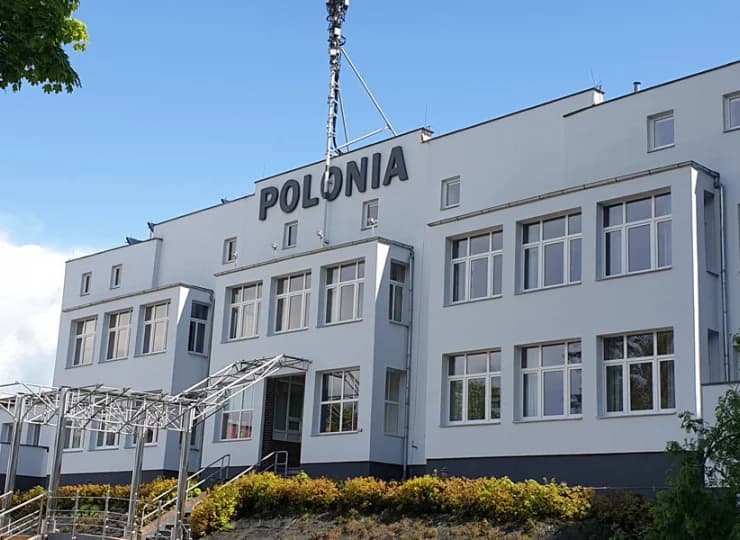 Polonia mieści się przy słynnej nadmorskiej promenadzie w Międzyzdrojach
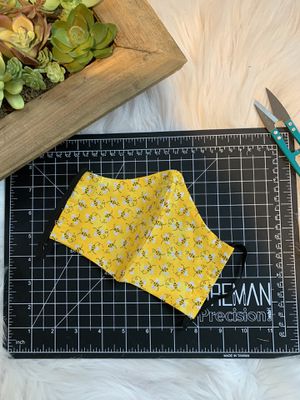 Photo Bumble Bee Fashion Face Cover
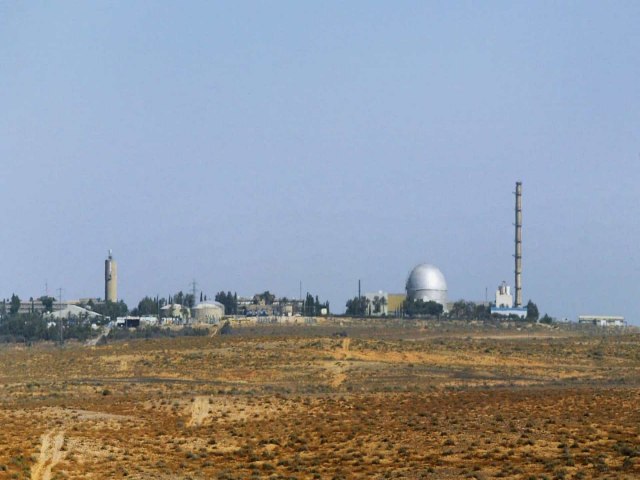 MSSIL DA SRIA ATINGE ISRAEL, SIRENES DE ALERTA PERTO DE REATOR NUCLEAR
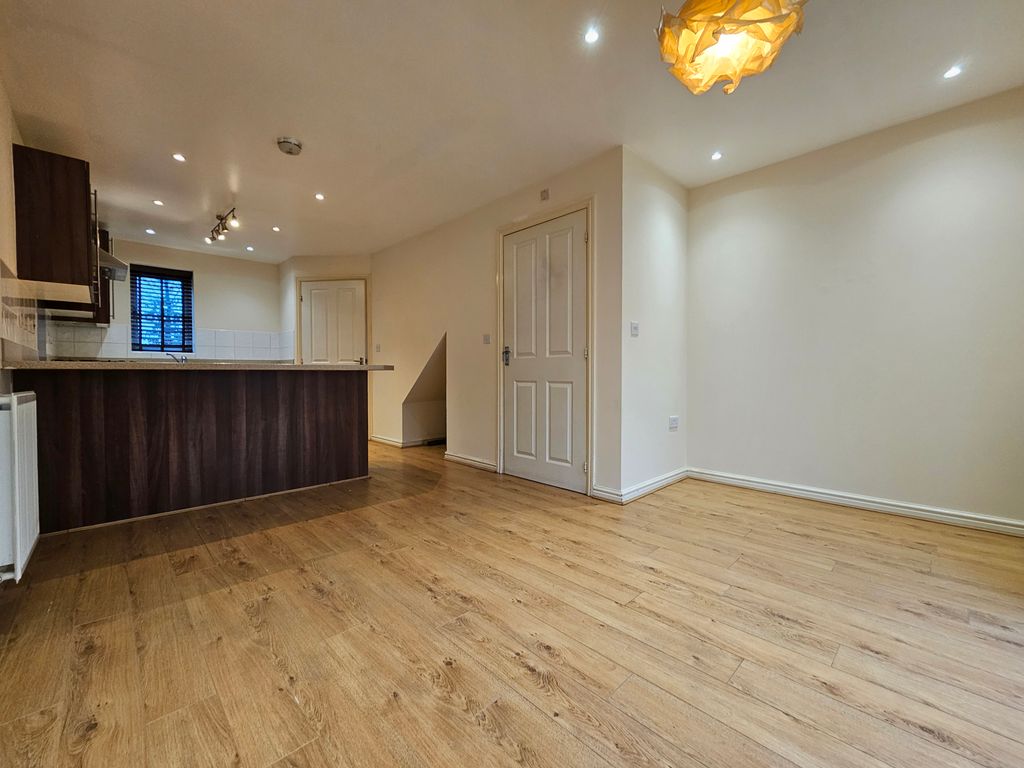 Property photo 3 of 18 Image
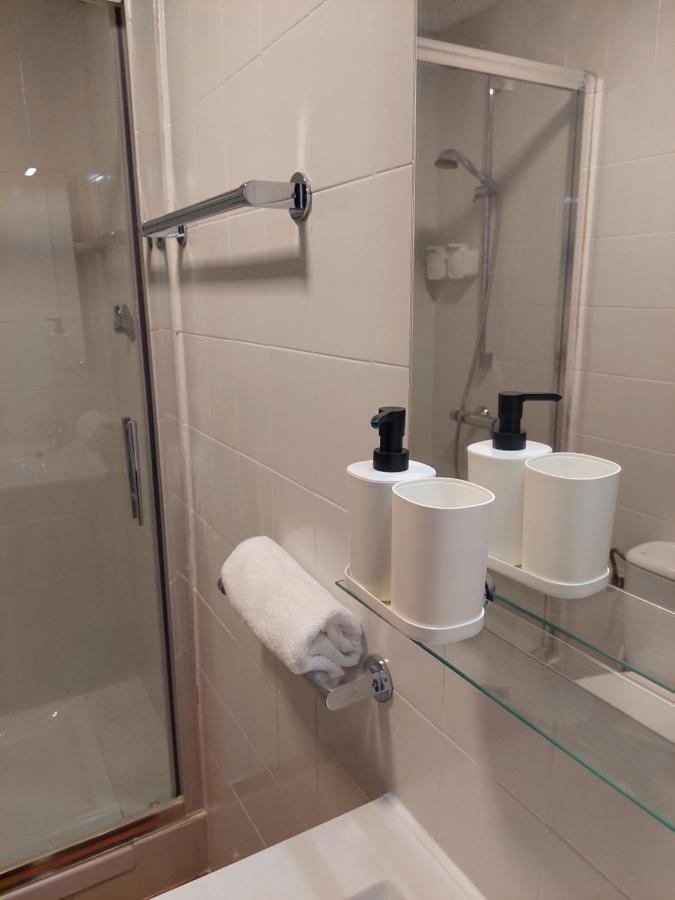 Apartamento Piso Luminoso, Amplio Y Tranquilo En Casco Viejo *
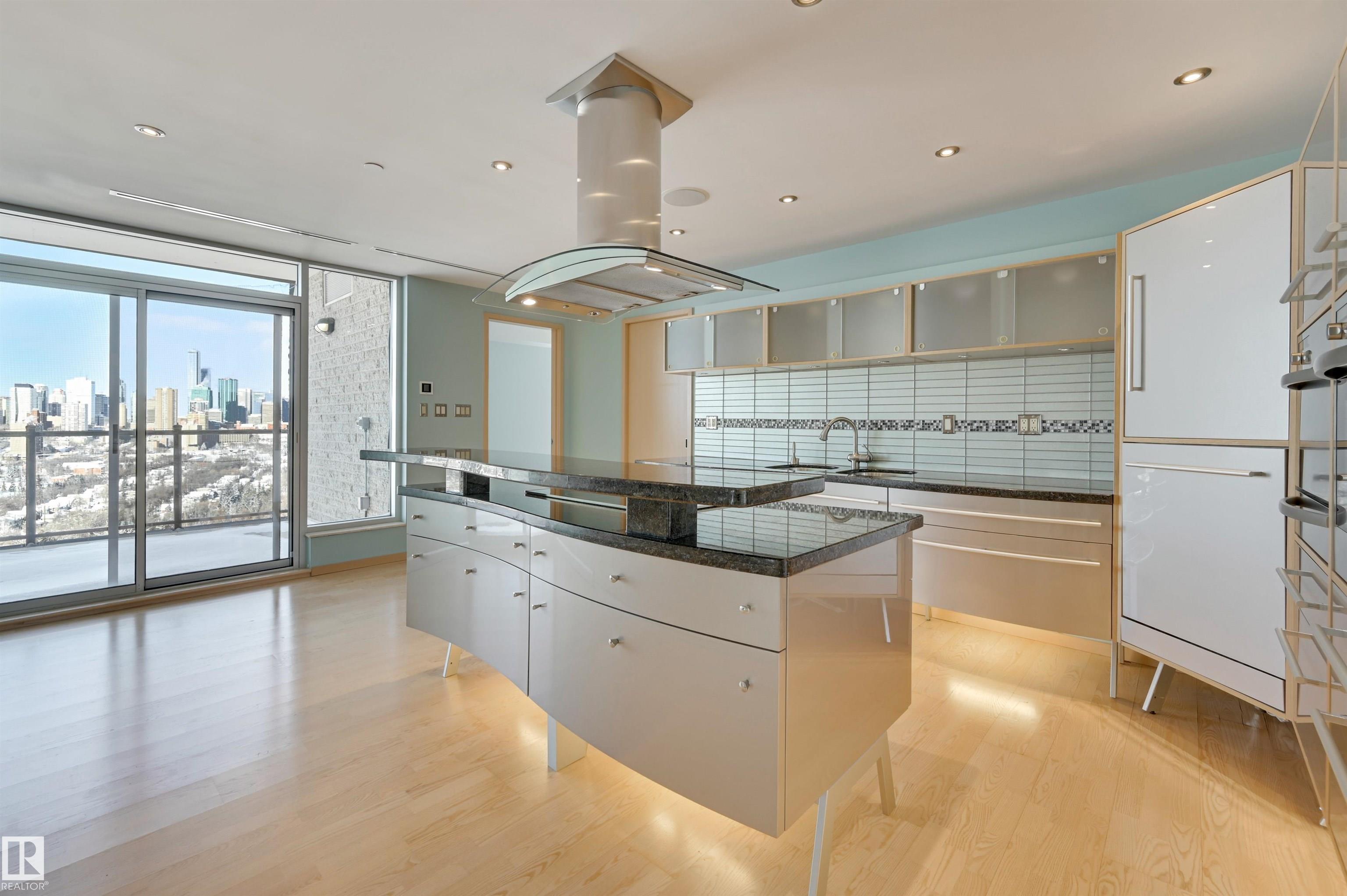 Picture for #901 10035 SASKATCHEWAN DR NW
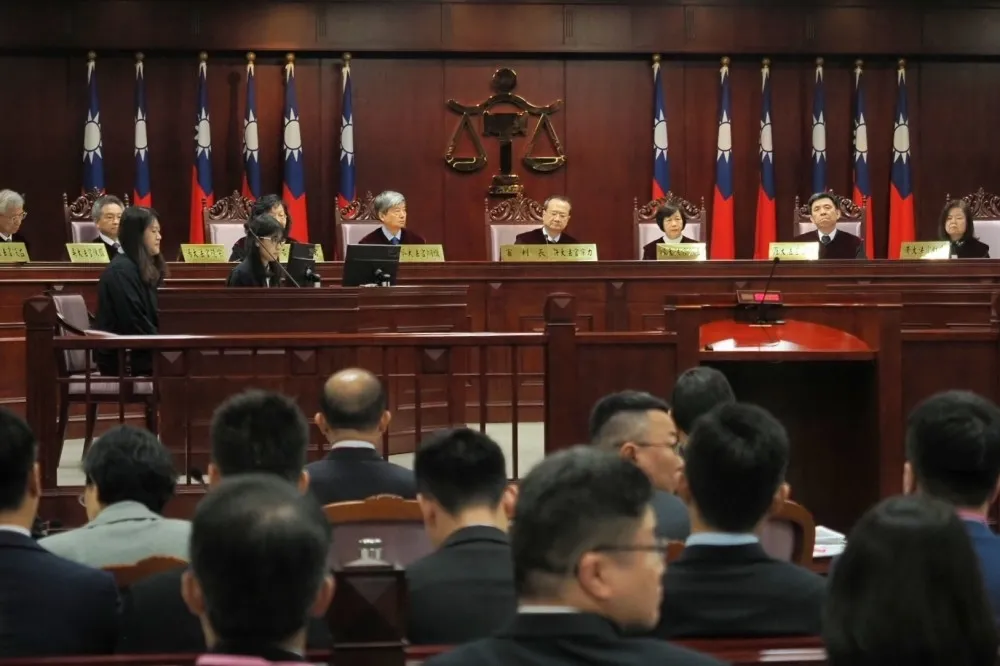 司法烏龍檔案：憲法法庭這個裁定主文很奇怪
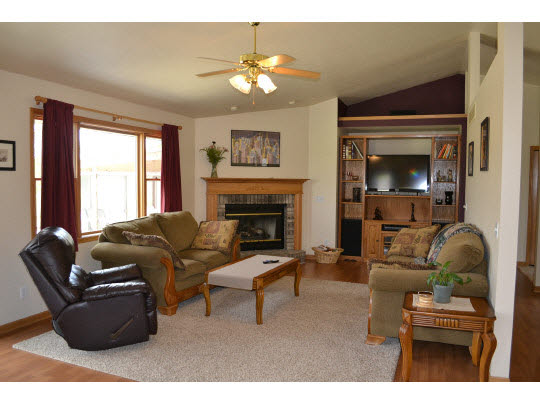 6595 Theodorff Road Pecatonica, IL 61063 - Photo 2 of 11 Gallery Image 2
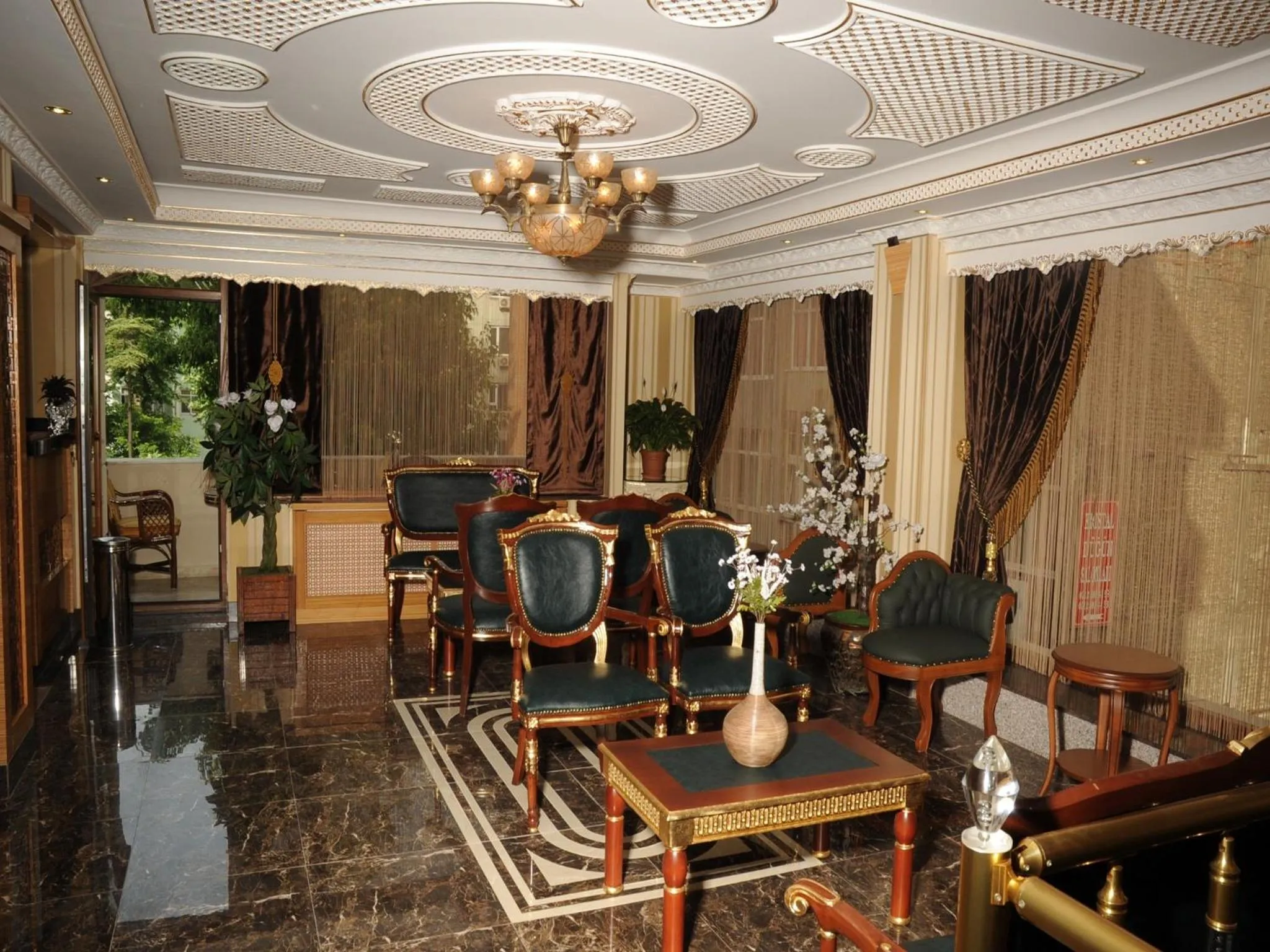 Lobby or reception in Alfa Hotel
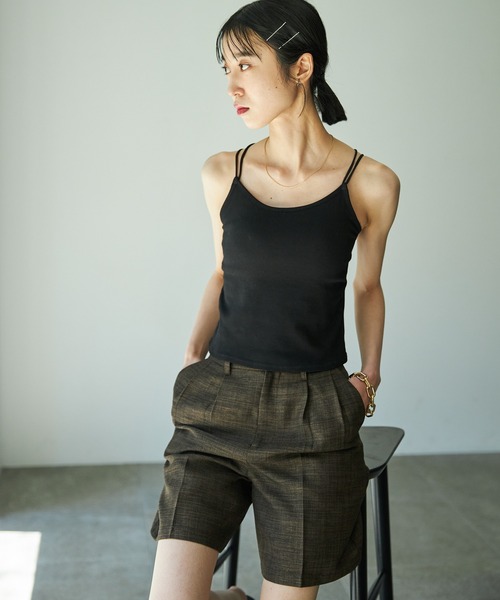 VACANCY（ヴァカンシー）の「バッククロスカップ付きキャミソール/パテッドキャミ（インナーウェア/肌着・レディース・ブラック/ブラウン/ホワイト・FREE）」の8枚目の写真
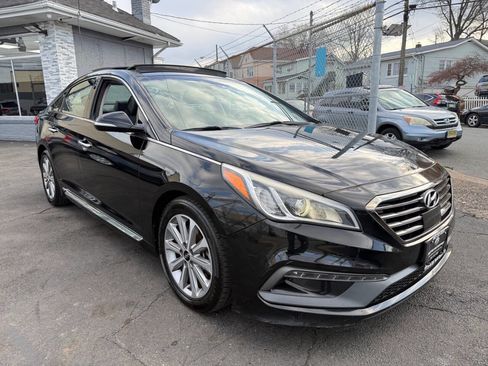 Used 2016 Hyundai Sonata Limited w/ Option Group 04 FWD image 8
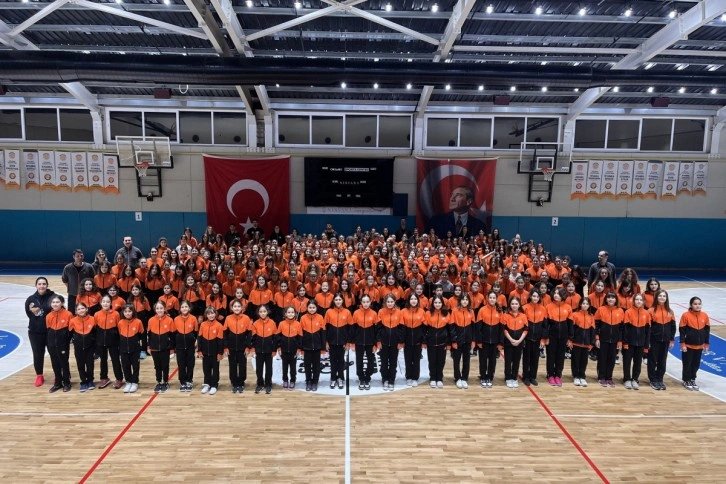 Eczacıbaşı Geleceğe Smaç Projesi'nin sporcularının buluştuğu turnuvaya 450 sporcu katıldı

= = = = = = =

**What you need to do:** Leave every image out and retype the entries above word for word.

**Task solution:**
 Polonia mieści się przy słynnej nadmorskiej promenadzie w Międzyzdrojach
 Photo Bumble Bee Fashion Face Cover
 MSSIL DA SRIA ATINGE ISRAEL, SIRENES DE ALERTA PERTO DE REATOR NUCLEAR
 Property photo 3 of 18 Image
 Apartamento Piso Luminoso, Amplio Y Tranquilo En Casco Viejo *
 Picture for #901 10035 SASKATCHEWAN DR NW
 司法烏龍檔案：憲法法庭這個裁定主文很奇怪
 6595 Theodorff Road Pecatonica, IL 61063 - Photo 2 of 11 Gallery Image 2
 Lobby or reception in Alfa Hotel
 VACANCY（ヴァカンシー）の「バッククロスカップ付きキャミソール/パテッドキャミ（インナーウェア/肌着・レディース・ブラック/ブラウン/ホワイト・FREE）」の8枚目の写真
 Used 2016 Hyundai Sonata Limited w/ Option Group 04 FWD image 8
 Eczacıbaşı Geleceğe Smaç Projesi'nin sporcularının buluştuğu turnuvaya 450 sporcu katıldı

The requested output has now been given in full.